The development of advanced low-temperature combustion engines utilizing ammonia fuel blends requires a comprehensive understanding of the kinetic interaction between ammonia and reactive fuels. This work aims to study experimentally and numerically the addition of ammonia and dimethyl ether (DME), and its subsequent effect on low- temperature chemistry (LTC) and intermediate-temperature chemistry (ITC) governing cool and warm flames, respectively. A high-pressure counterflow burner is employed to establish self-sustained DME/NH₃ cool flames and measure the extinction limits. The low-temperature peroxy branching reactions are promoted at elevated pressures and therefore enhance the cool flames. However, NH₃ oxidation suppresses the isomerization of RO2↔QOOH, and opens the channel O₂QOOH→CH₂O+HO₂ which prevents O₂QOOH→ketohydroperoxide+OH. As a result, NH₃ addition inhibits the low-temperature DME oxidation and weakens the cool flames. Numerical modeling is performed to analyze the kinetic coupling of NH₃ with ITC and warm flames. While the low-temperature DME oxidation becomes monotonically weaker as NH₃ concentration increases, the intermediate-temperature oxidation is enhanced as NH₃ is increased above 40% in the fuel mixture, followed by inhibition at higher fractions.
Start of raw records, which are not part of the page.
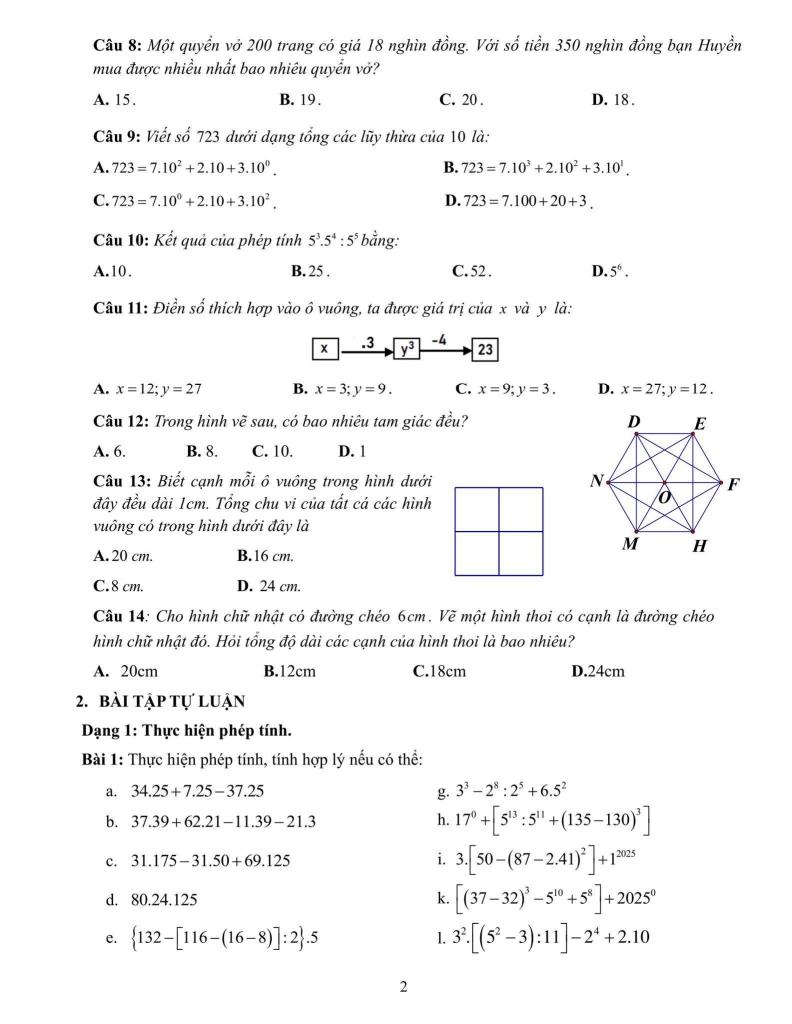 đề cương giữa kỳ 1 toán 6 năm 2025 – 2026 trường thcs nguyễn trường tộ – hà nội 1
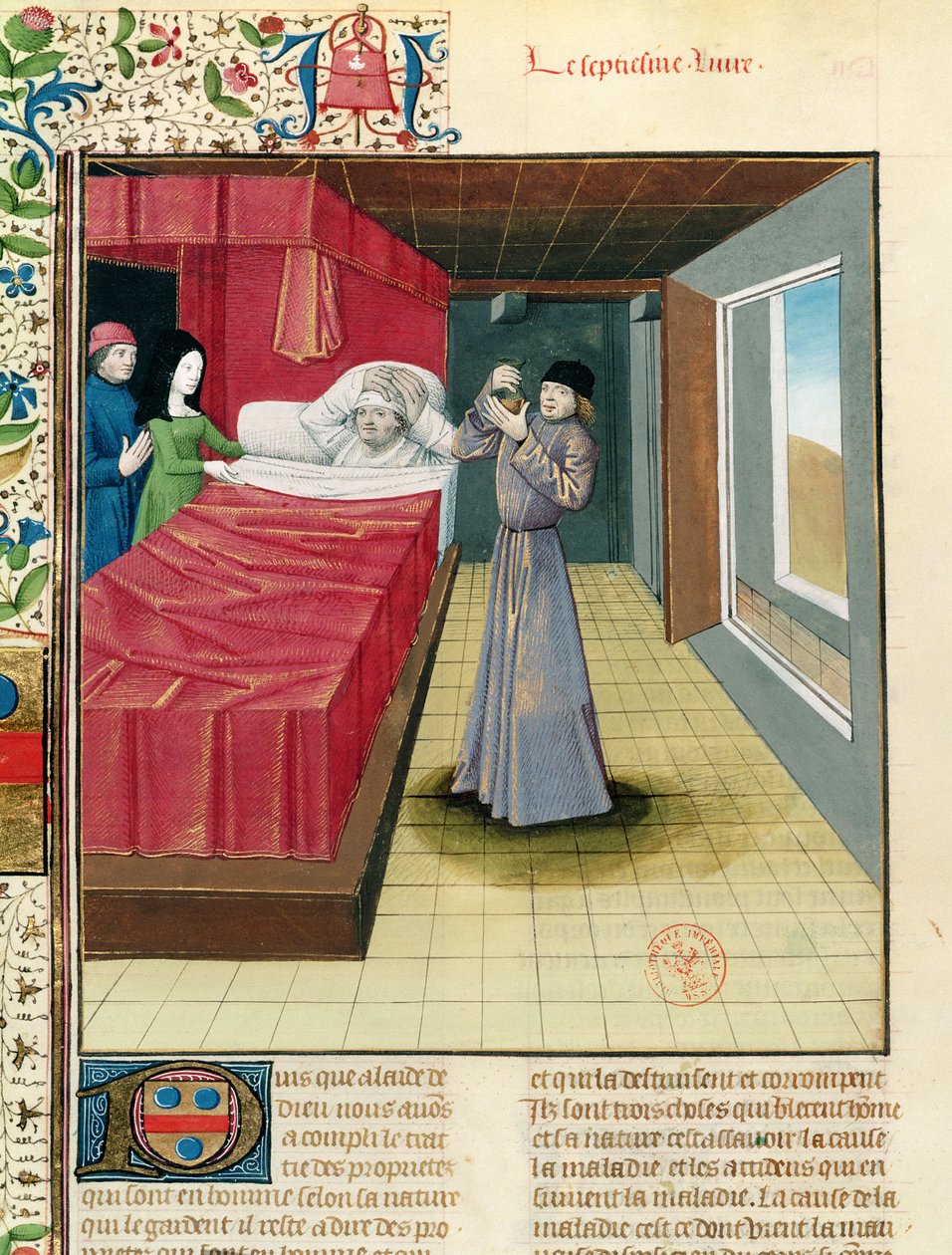 Fr 9140女士fol.120v医生进行尿液分析，来自Barthelemy English，1480的物业书籍 作者 法语学校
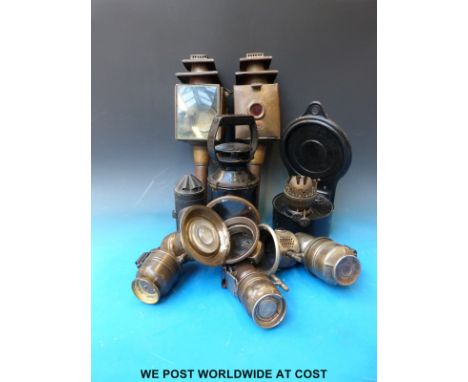 A BR tri colour railway lamp, pair of coach lamps, three acetylene bicycle lamps and a hand lamp 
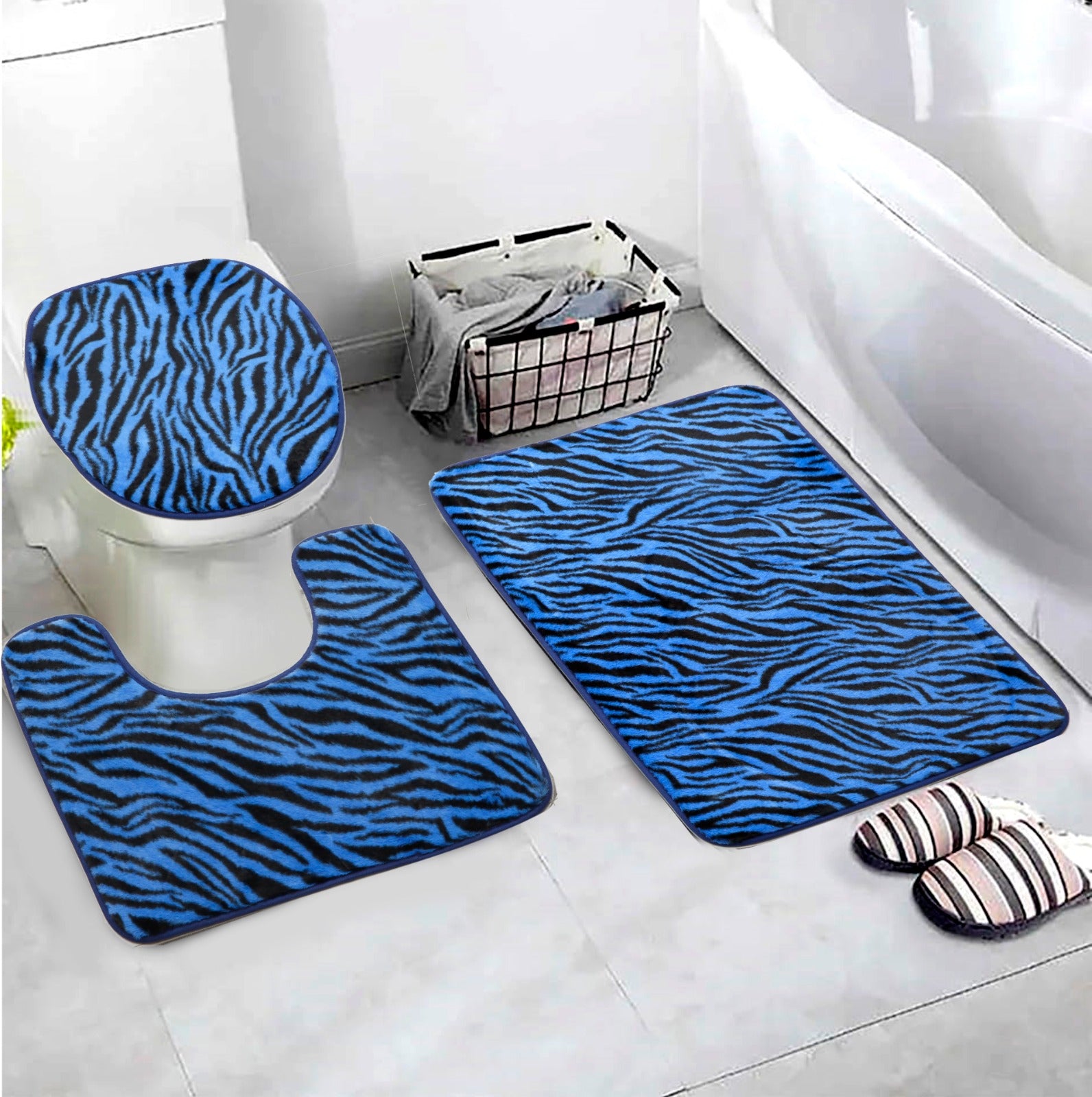 3 PCs Anti Skid Commode Mat Set-Blue Zebra Print Bath Mats Apricot   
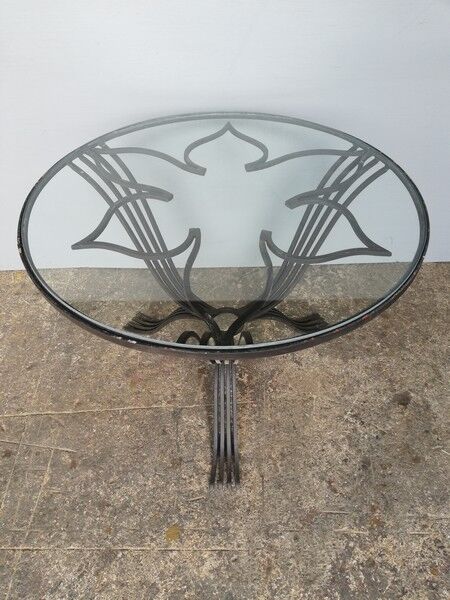 Table low wrought iron era art deco 1930/40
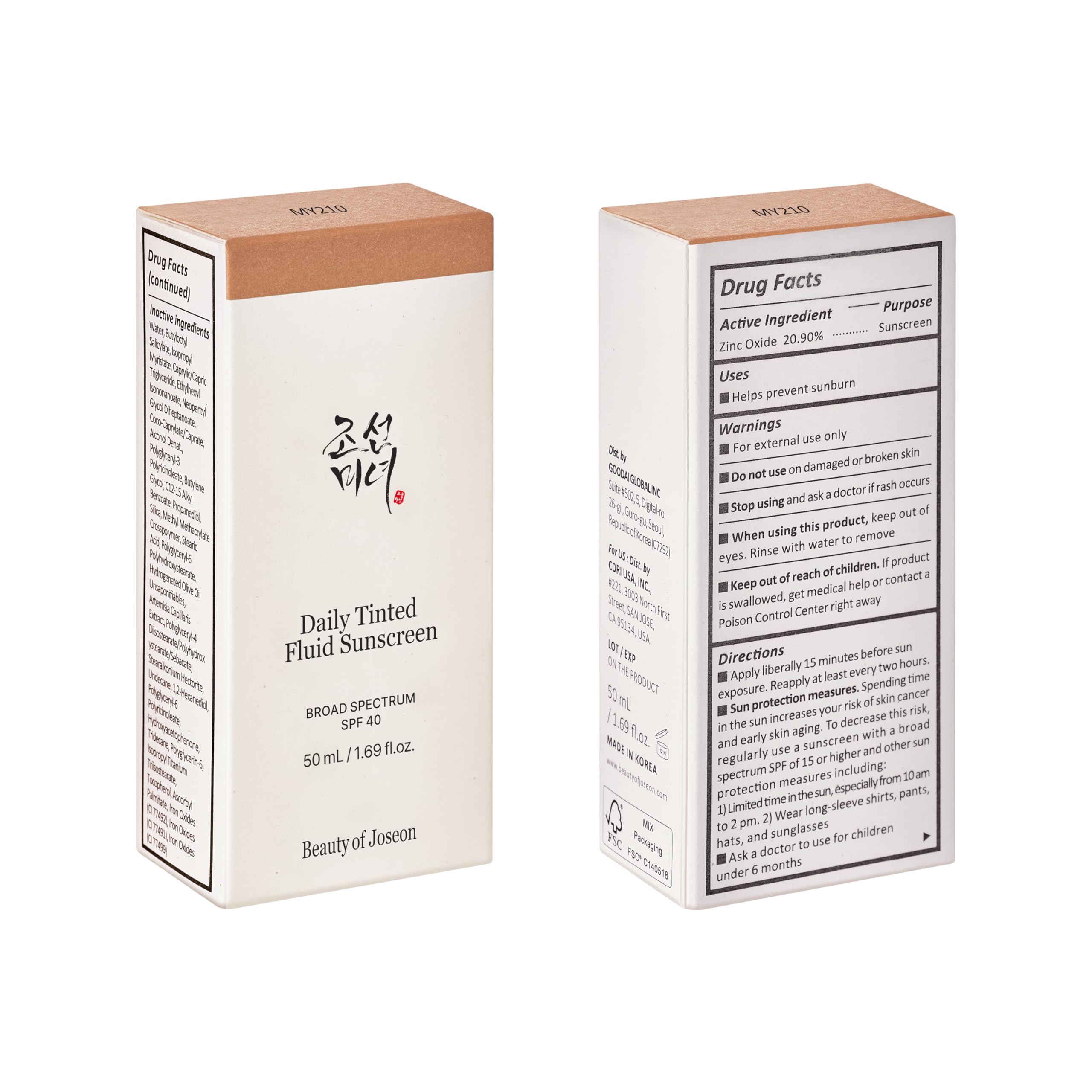 Beauty of Joseon Daily Tinted Fluid Sunscreen 12 Shades for Face - Beauty of Joseon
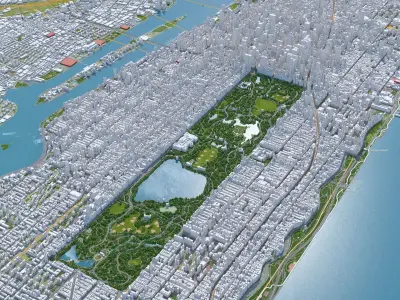 Central Park - Manhattan - New York  Low-poly 3D model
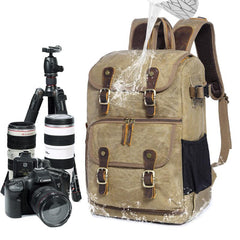 Khaki CANVAS WATERPROOF MENS 15'' CANON CAMERA BACKPACK LARGE NIKON CAMERA BAG DSLR CAMERA BAG FOR MEN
The promoting effects can be mainly attributed to two mechanisms. First, the reactions NO+HO₂→NO₂+OH, NO₂+NH₂→H₂NO+NO, NO₂+CH₂O→HCO+HONO and HONO(+M)→OH+NO(+M) forms an evolution cycle of NO₂→HONO→NO→NO₂ that converts CH₂O and HO₂ into active OH radicals. Second, NH₃ oxidation opens the channels R→RO→CH₂O and O₂QOOH→CH₂O+HO₂, where the released CH₂O radicals promote the evolution cycle. The calculated S-curve warm flame branches with varying NH₃ concentrations confirm that warm flames can be enhanced with small NH₃ concentrations. However, as NH₃ concentrations exceed 8000 ppm, the promotion effects become excessive and the stable warm flame branch disappears from the S-curve. This work will provide insights into the effects of NH₃ on the dynamics and chemistry of multi-staged flames under engine-like conditions.